# <font color='magenta'>EDA on Reddit 1% sample </font>

In [70]:
one_perct_df = spark.read.parquet("one_perct_sample.parquet")

> The data is a one percent sample from the Reddit parquet file containing +2.8 billion records.
> The records are posts/Submissions (in PRAW).
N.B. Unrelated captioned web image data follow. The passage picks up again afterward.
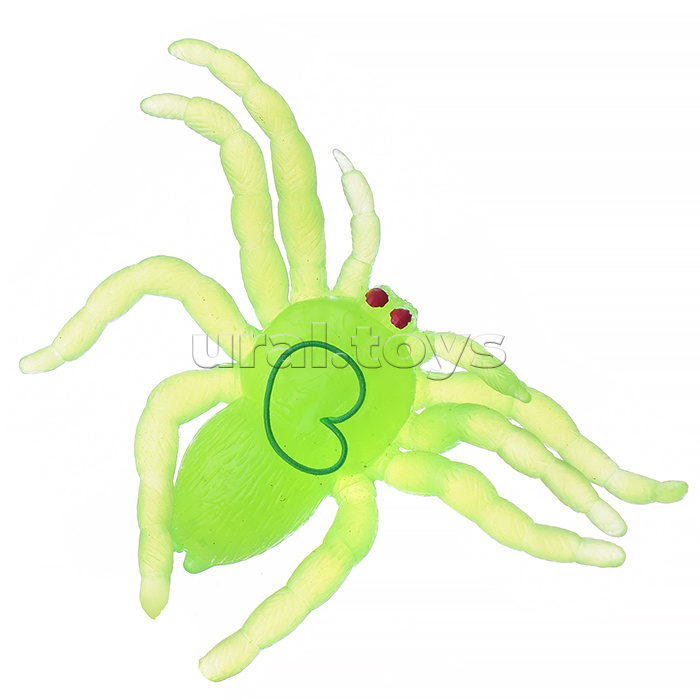 Паук, в пакете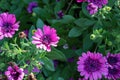 Vibrant still life of a cluster of purple flowers featured in the foreground, with green foliage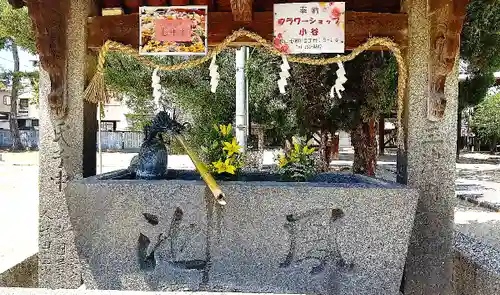 三津厳島神社の手水舎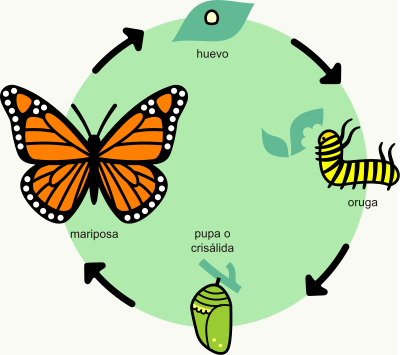 ciclo de vida de la mariposa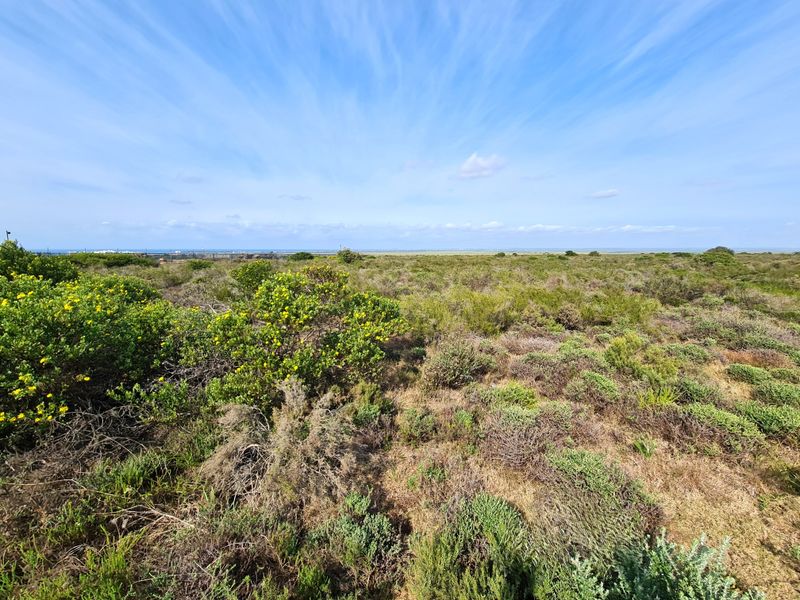 A wide-angle view of the vacant commercial land featuring natural coastal vegetation and an expansive horizon.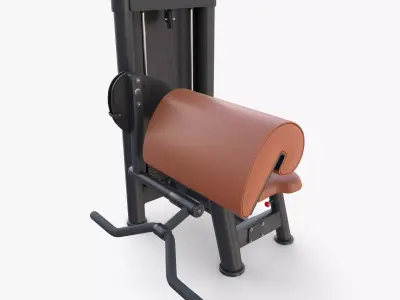 Curl machine 3D model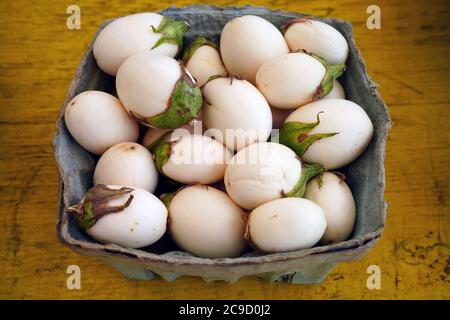 Container of white baby eggplants Stock Photo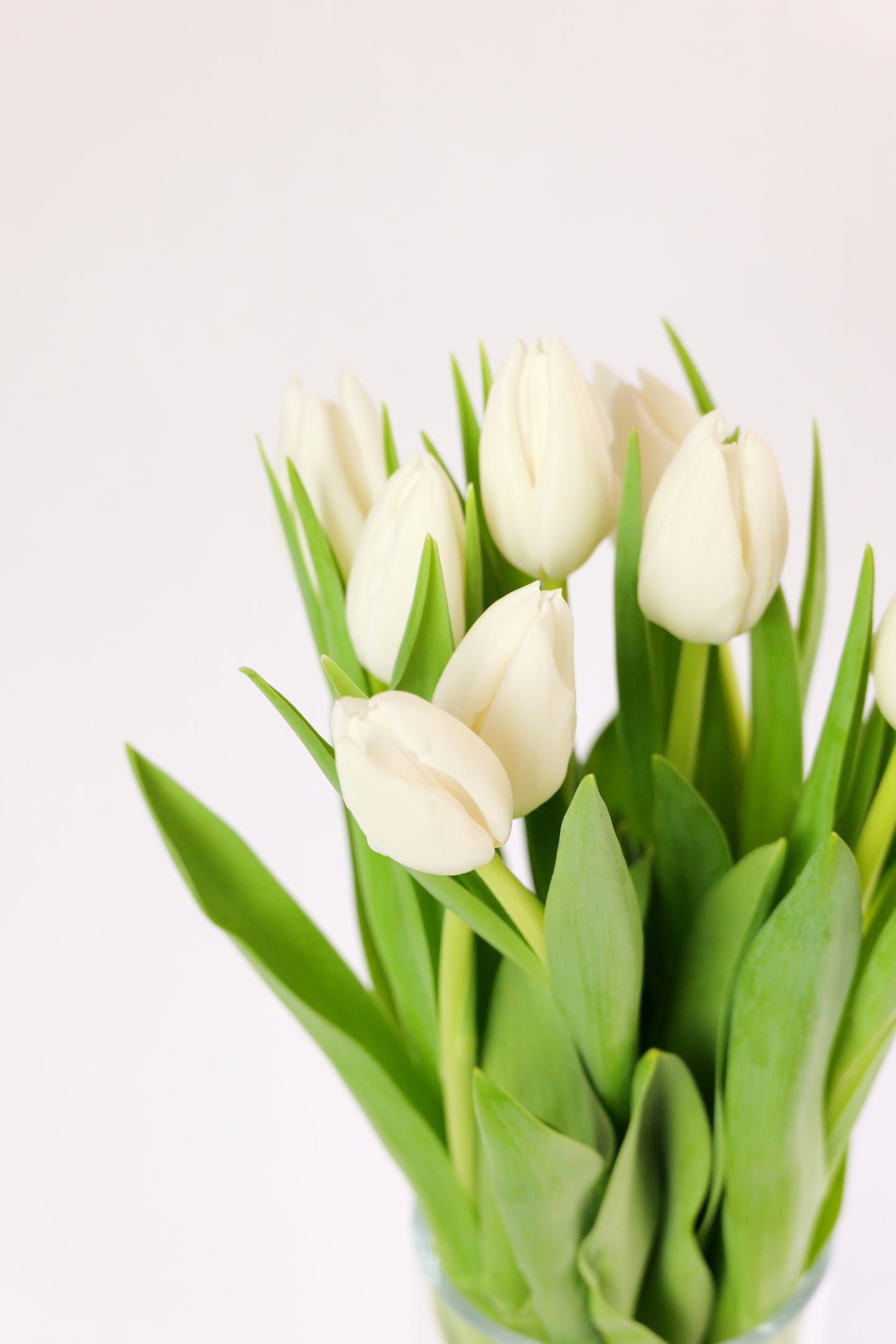 Ram de Tulipans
This is evident due to the existence of 'num_comments', 'name', 'locked' & other attributes that are common to posts/Submissions 

In [71]:
one_perct_df.columns

['id',
 'parent_id',
 'subreddit',
 'author',
 'created_utc',
 'body',
 'num_comments',
 'score',
 'created_utc_year',
 'created_utc_yearMonthDay',
 'body_len']

In [72]:
one_perct_df.count() #~300+ million

309811130

# <font color='magenta'>Deleted authors and bots

In [81]:
one_perct_df.groupby("author").count().orderBy("count", ascending = False).show()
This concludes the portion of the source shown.